=== Begin Enclosure ===

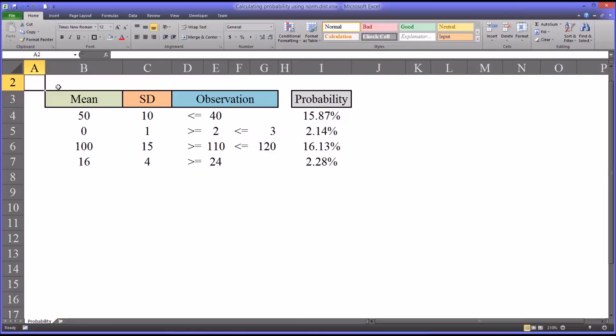Hello, this is Dr. Todd Grande. Welcome to my video on how to calculate probability using the normal distribution function in Excel.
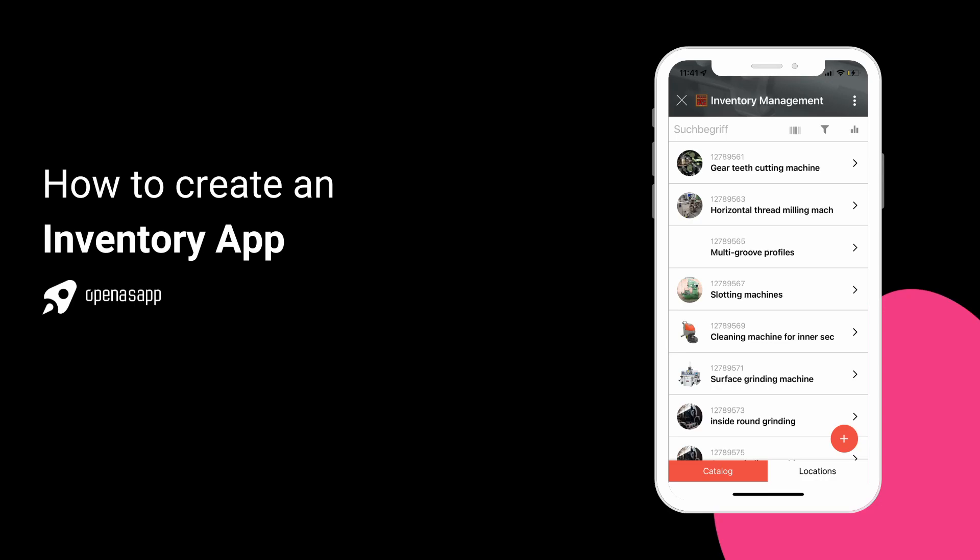In this video, we will show you step by step how easy it is for you to create an inventory management app.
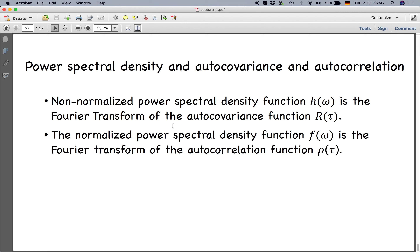In the next lectures, for certain well-defined forms of autocorrelation or autocovariance functions, we will see how the power spectral density looks. These results — that H(ω) is the Fourier transform of the autocovariance and F(ω) is the Fourier transform of the autocorrelation — are very important and will be applied in upcoming lectures.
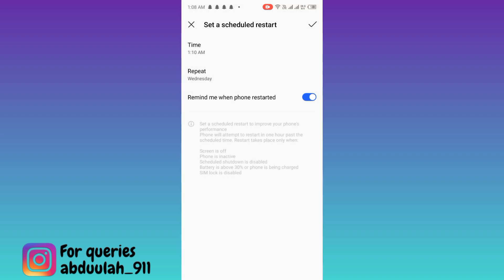And exactly at 1:10 AM, your phone will automatically restart. In this way you can restart your phone without the power button.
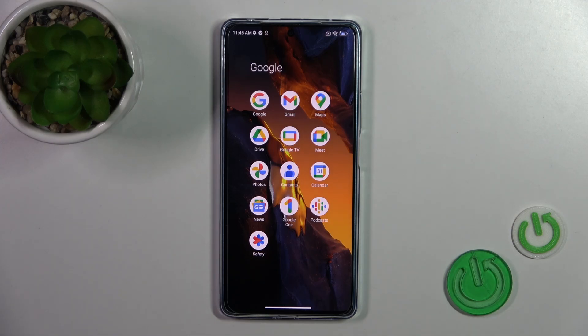Hi, this is the Poco F5 and I'll show you how to activate Hey Google, Google Assistant option on this device.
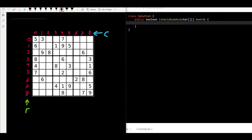Similarly, we cannot have a duplicate in the same column. And the same rule applies to boxes — if we have a nine here, we cannot have another nine in the same box. So for any number on the Sudoku board, we ask three questions: can we find this number in the same row, the same column, or the same box? We need the answer to be no for all three.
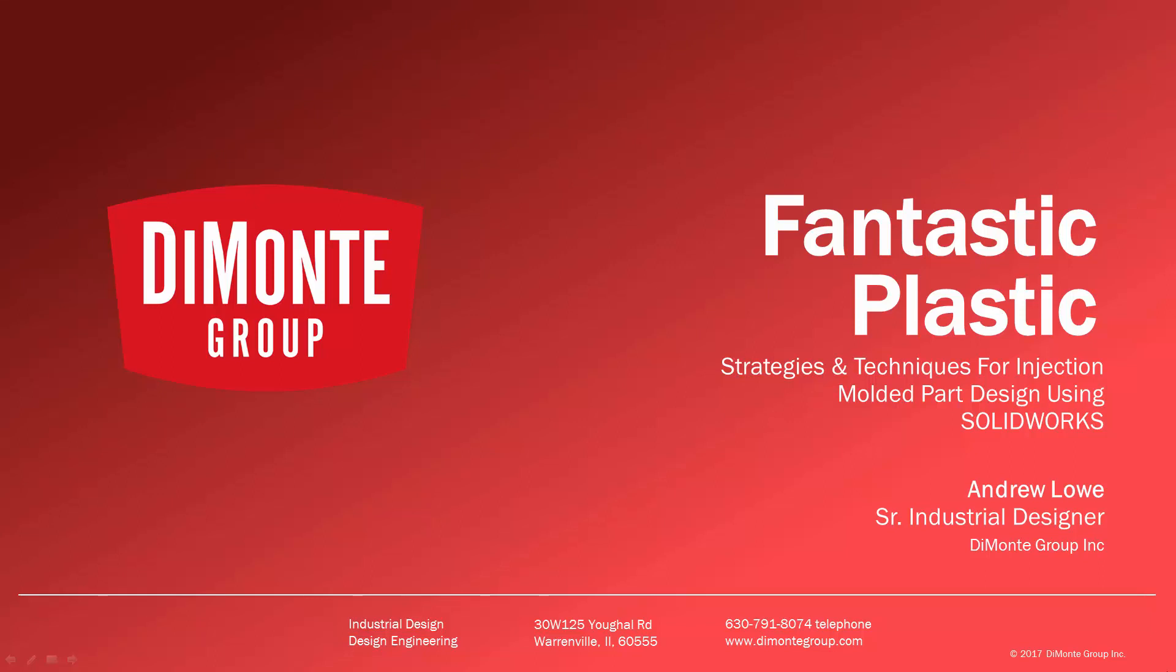Welcome to Fantastic Plastic, a series of SOLIDWORKS video tutorials presented by the Domani Group. In Fantastic Plastic, I'll be presenting strategies and techniques for injection mold and plastic part design using SOLIDWORKS CAD software.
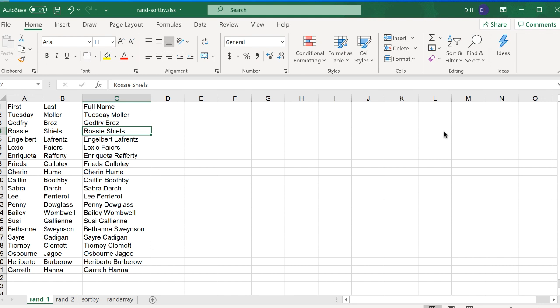Hi, in this video I'm going to show you how to generate a random list from another table. So let's say for example that we have a table here and we just wanted to create a random list of people.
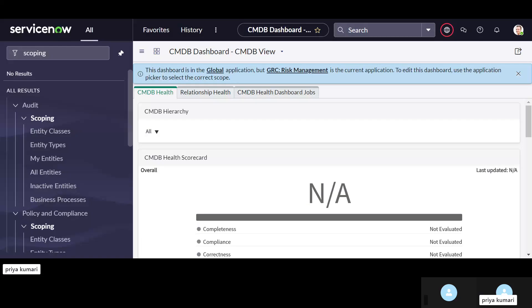Now we are going to see about advanced risk management. In advanced risk management, there are two things which are very important: one is assessment methodology, which we will see in today's session, and the other is scoping, which we will discuss in a later session. So let's start to see about assessment methodology.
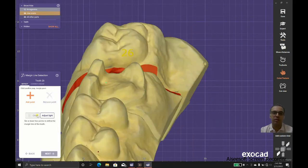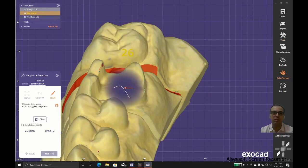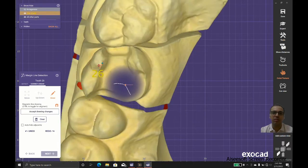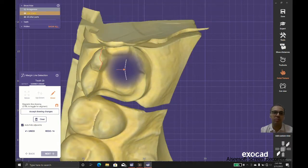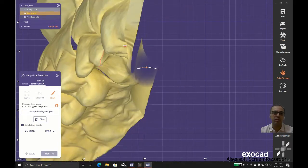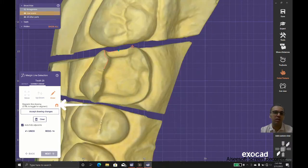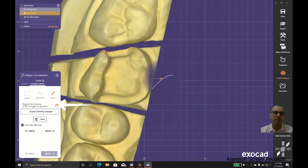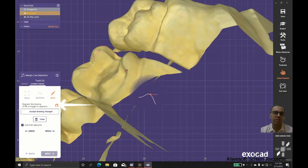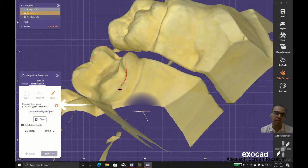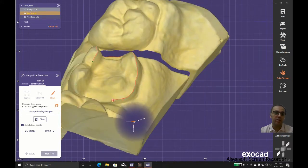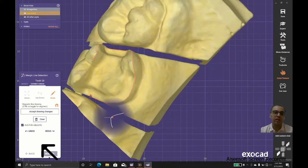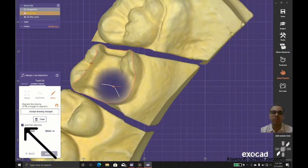The magnet helps us find the edge, and auto-hide adjacent helps us hide the adjacent parts so we could have a better view.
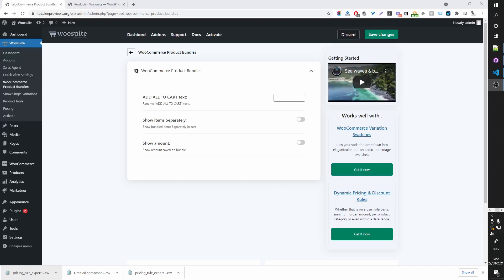In this video, I'm going to show you how to set up a WooCommerce Product Bundle in just a few minutes.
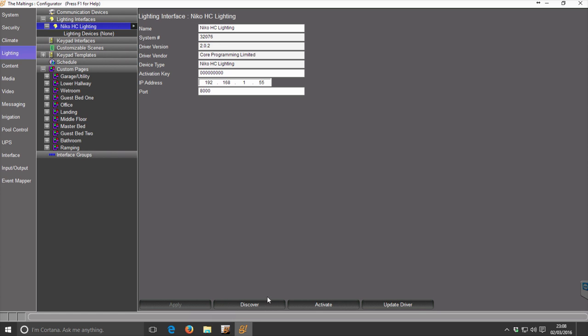Now, if you want to add lighting circuits and click Discover initially, you'll see that nothing's happening. That's because the driver is not yet activated.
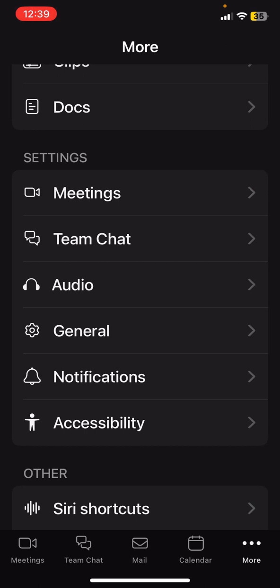Once again, I click on More down the bottom and then Settings, Meetings. So that will help you to join a Zoom meeting with confidence with your video turned off and with your microphone turned off as well. See you next time.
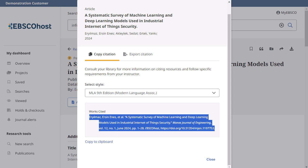Please note, as citation formats are frequently updated, you should always consult your library resources for exact formatting and punctuation guidelines.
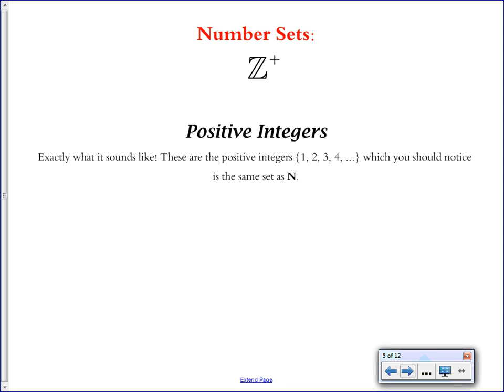Z with a little plus symbol superscript is just positive integers: 1, 2, 3, 4. You should notice that this is the same as the set of natural numbers, which were also 1, 2, 3, 4, 5. So Z+ and the set N are actually the same set of numbers.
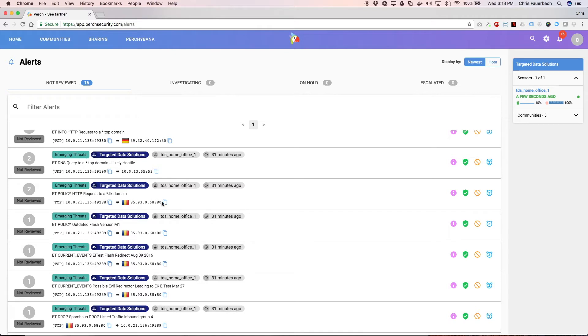Before looking deeper, we can see there was a TCP connection attempt from a local IP address of 10.0.21.136 to 85.93.0.68 on port 80, typical of HTTP.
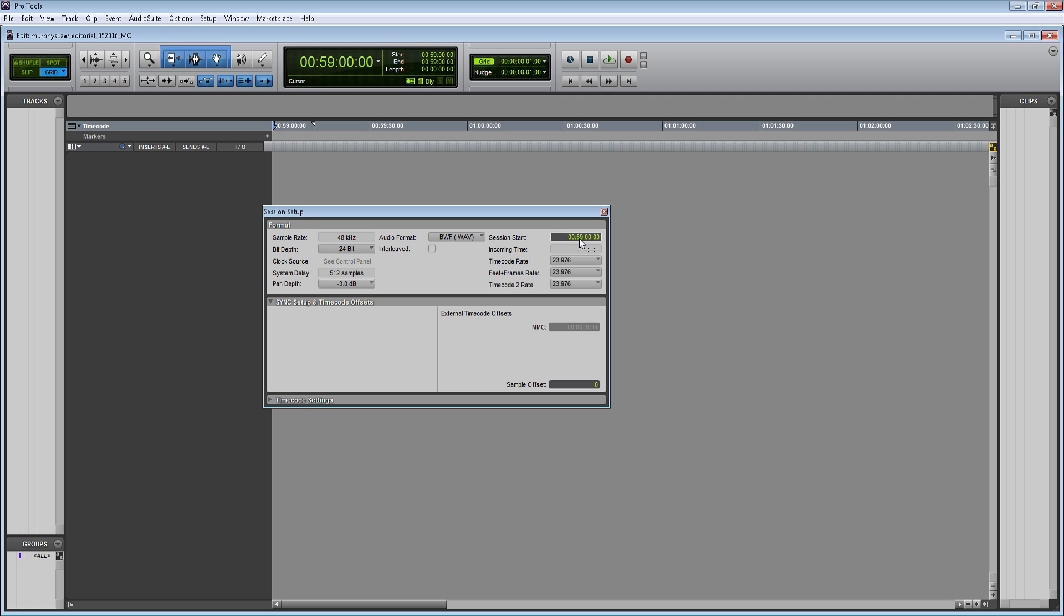The only caveat with that is that if you are working on a longer film, they will sometimes break up the film into different reels. If you have different reels, then each reel will start on a new hour mark. The first reel will start on the one hour mark, second reel on the second hour mark, and so on and so forth.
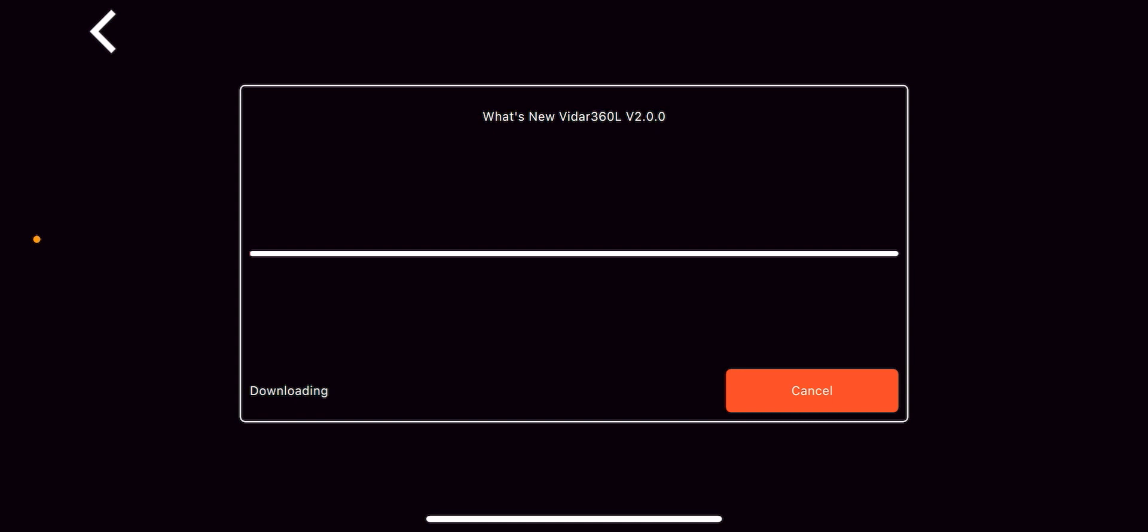So we hit the update button and it's going to go through and download the software. It's going to take a couple of minutes. What I'm going to do is just pause the video here for a sec. Not that you'll know it's paused, but when I come back, I'm going to be on a different screen. And then we'll go through the actual update process. So I shall chat to you guys in a minute.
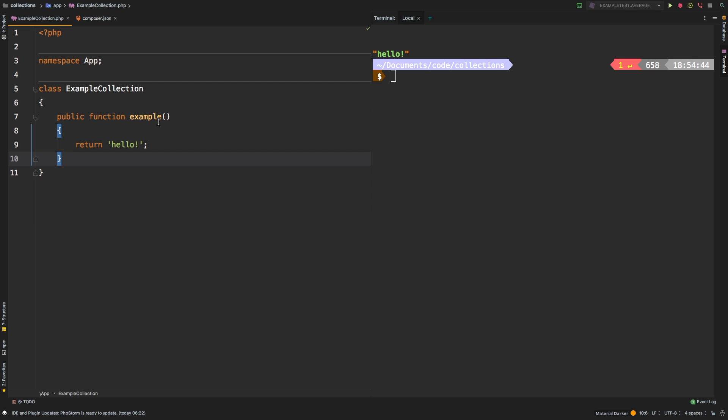Today, we're going to be taking a look at dump. Dump is a utility method that you will use constantly whenever you're trying to diagnose an issue with your collection chain.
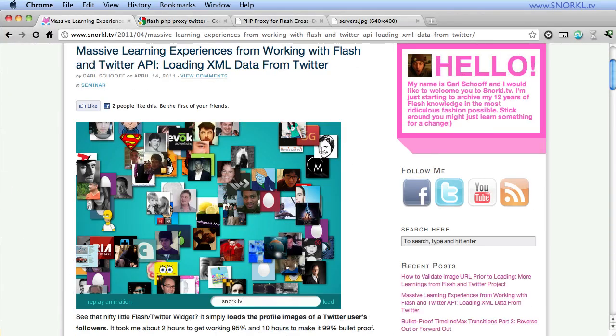Hey everybody, Carl Shoup here from snorkel.tv and here's part three of the issues that I had when building my Twitter Spitter.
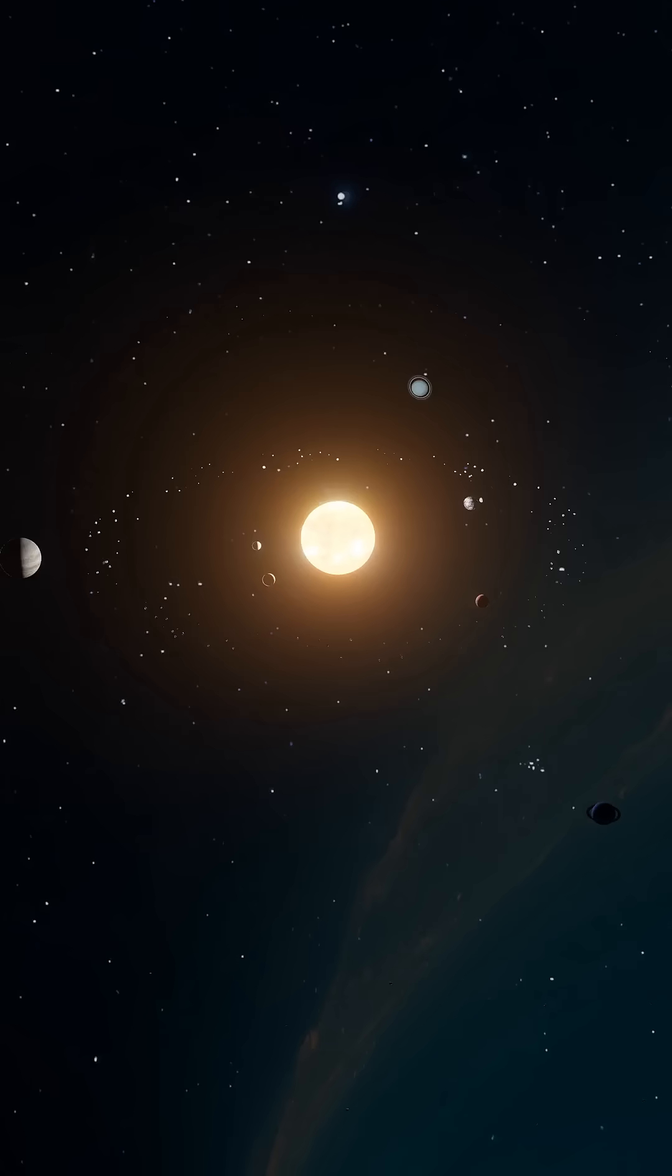You might be wondering, why isn't the Sun fixed at the center? Well, it's all about gravity. The Sun gets pulled slightly off-center by the gravitational forces of the planets and other objects orbiting it.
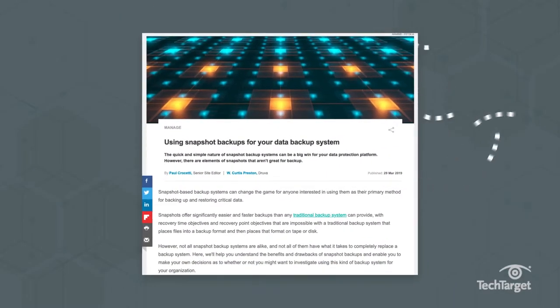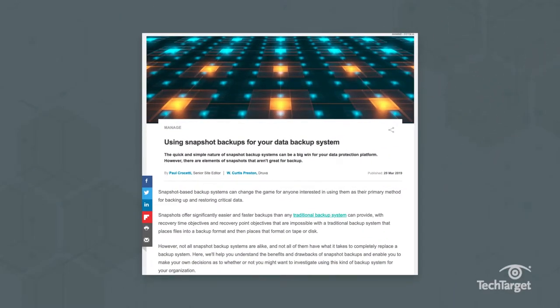It's not an exact replica of data, but a quick picture of how data looked at that moment in time that users can roll back to. Click the link above or in the description below to learn more about using snapshots as backups, along with the pros and cons of it.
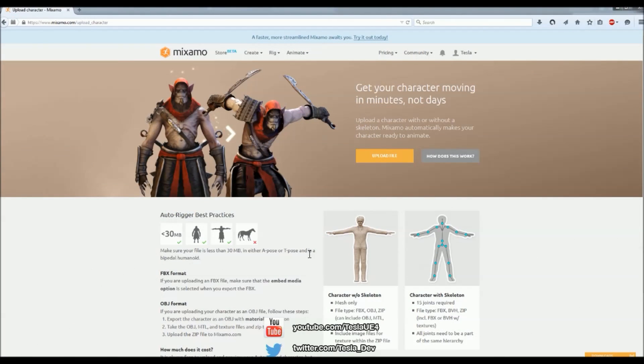In this tutorial, I'm going to show you how we can use Mixamo's Autorigger. So if you have a character's mesh that has no skeleton, and you want to get him rigged so you can use animations inside Unreal Engine, this will take care of it all for you.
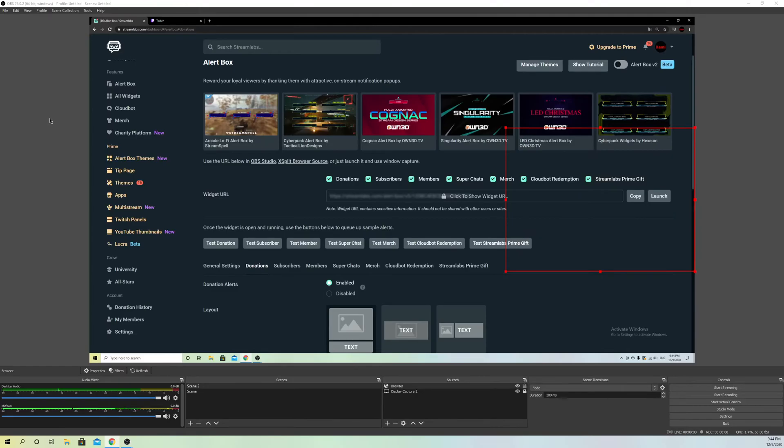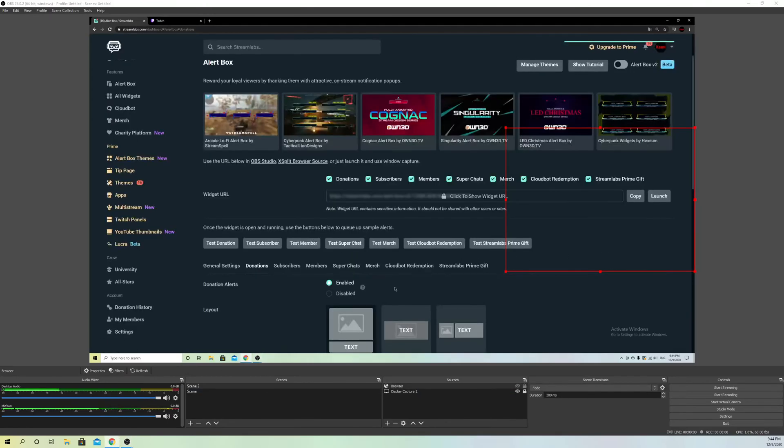What I recommend you do if it still doesn't work, you want to make sure that this eye icon is enabled. So if it's not enabled, it's going to look like this. It's basically not going to show up, the alerts.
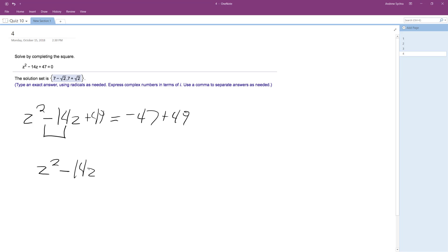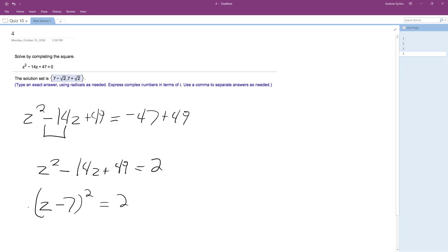And what I end up with is z squared minus 14z plus 49 equals 2. So this becomes z minus 7 squared is equal to 2. Take the square root of both sides.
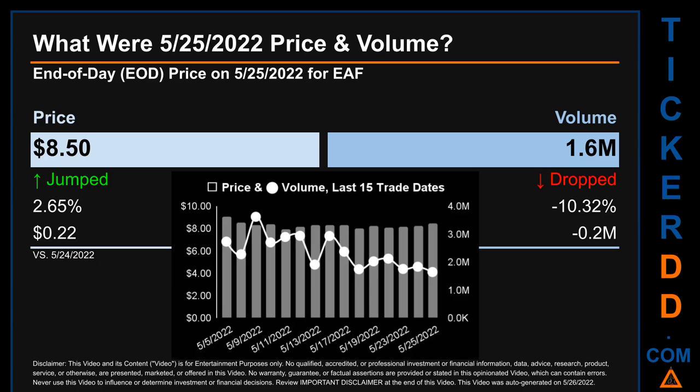Hello, my name is Sam. What was the end-of-day price and volume for EAF on Wednesday, May 25, 2022? EAF had an end-of-day price of eight dollars and fifty cents and a volume of about 1.6 million. Compared to the previous trading day, the price jumped 2.65%, gaining 22 cents, while volume dropped 10.32%, decreasing about 0.2 million.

=== End Enclosure ===

_Brief_
Restate, line by line and word for word, everything from the top of the material through the line that contains "In this video, we". Leave pictures out.

_Exercise response_
Hello, this is Dr. Todd Grande. Welcome to my video on how to calculate probability using the normal distribution function in Excel.
In this video, we will show you step by step how easy it is for you to create an inventory management app.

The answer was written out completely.